A slow-moving easterly wave that has been trackable for about five days is now arriving at the Yucatan peninsula, with a 1008mb surface low centered on the northern Honduras coast and about 80 miles east of the Belize coast. It is quite unusual to have any noteworthy easterly wave activity so early in the season, and this is the second wave this month. An aircraft recon mission that was planned for the area later this afternoon to get a better assessment of the intensity has been canceled due to proximity to land... will have to wait for its re-emergence into the Bay of Campeche for next flight.
|Early morning visible satellite image of the disturbance. The past track of the center is shown by the black line, the current location is the red L, and the potential future track is in bright green.|
This disturbance has been very slow to develop... one reason is its proximity to land (it tracked over northern South America for the last few days), and another is its low latitude (doesn't get much of a rotational boost from the Coriolis effect). Now, it will be trekking over land again, but could emerge into the Bay of Campeche tomorrow and stand a chance of further development. If it ends up tracking over Mexico, then it is finished.
The majority of models keep it right along the extreme southern Bay of Campeche, again too close to land to strengthen much, but still capable of producing a lot of rain. The forecast motion is WNW-NW, which would bring the center into the Tampico, Mexico area on Thursday.
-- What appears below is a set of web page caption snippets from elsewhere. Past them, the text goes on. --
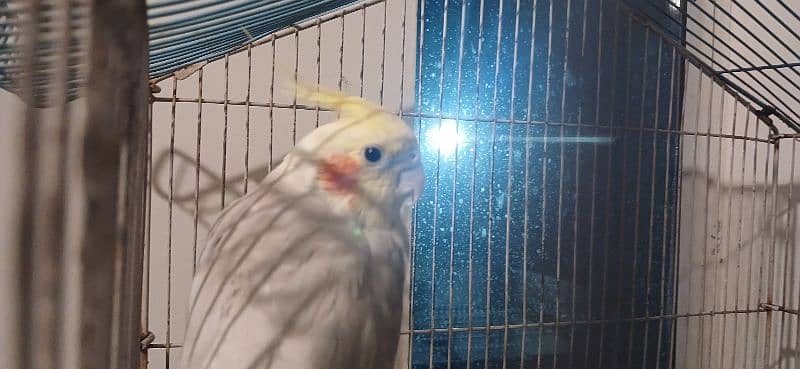 female coctail for sale 1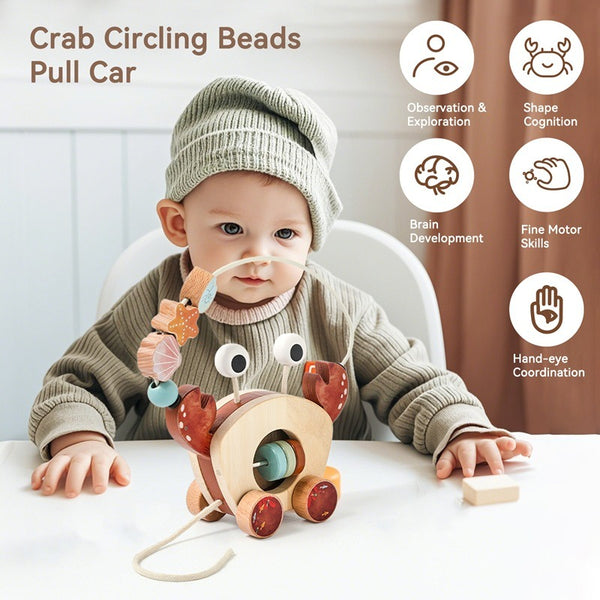 Wooden Crab Pull Toy and Bead Maze
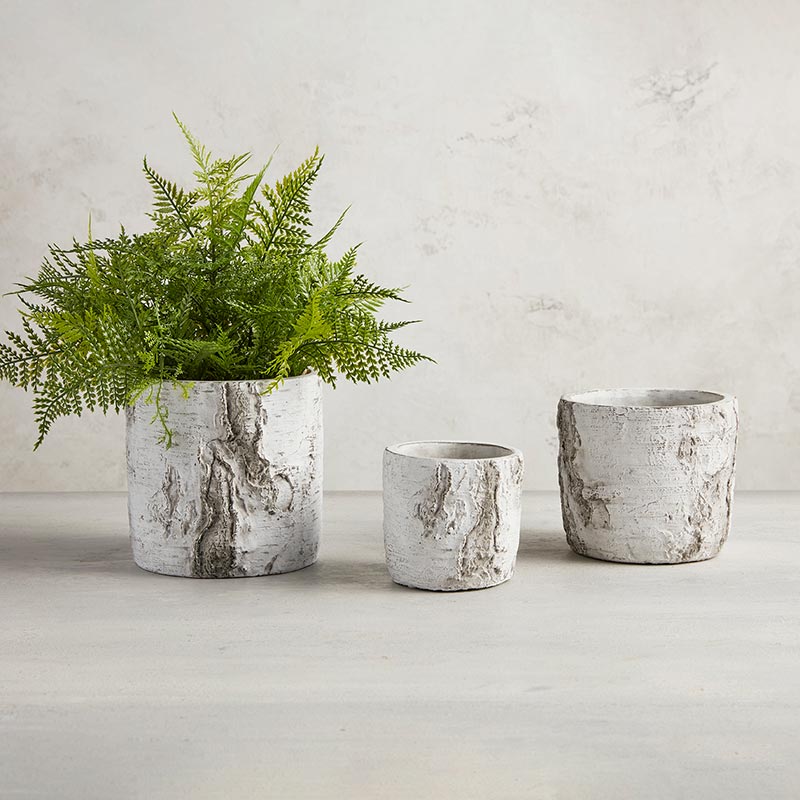 Bark Tree Planter - MED
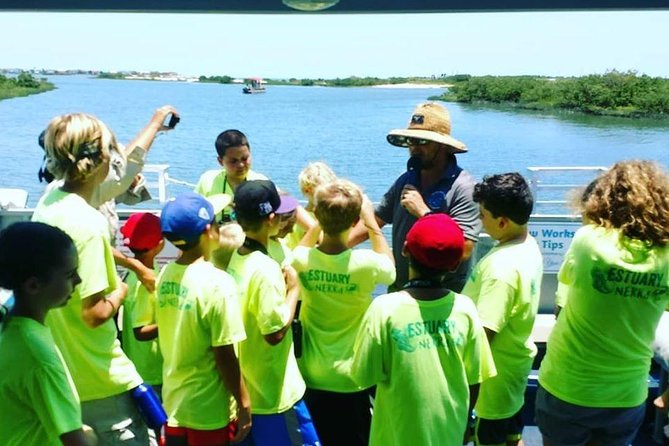 Dolphin and Wildlife Adventure of St. Augustine - Watching for dolphins, manatees, and sea turtles
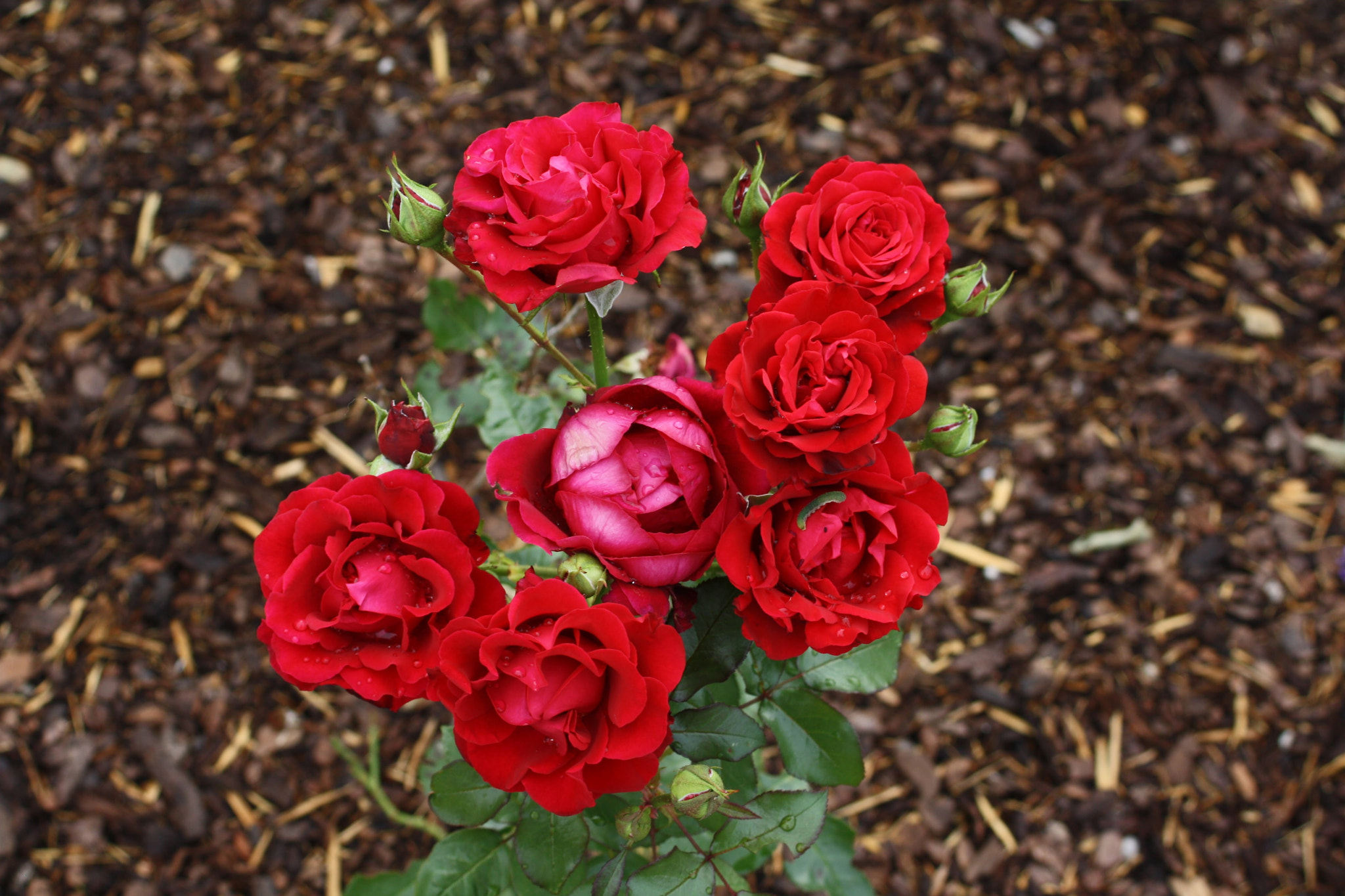 Canon EF 35-80mm f/4-5.6 sample photo. Red photography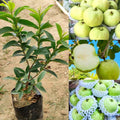 White Diamond Guava Plant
There are currently no watches or warnings associated with this disturbance, but as always, you can find the latest watches and warnings on the NHC website.
If this disturbance should reach tropical storm intensity, the next name on the list is Barry. A trivia nugget: Barry is one of the original names introduced to the lists back in 1983. The only "B" storm to get retired since the modern era of naming began in 1979 is Bob in 1991.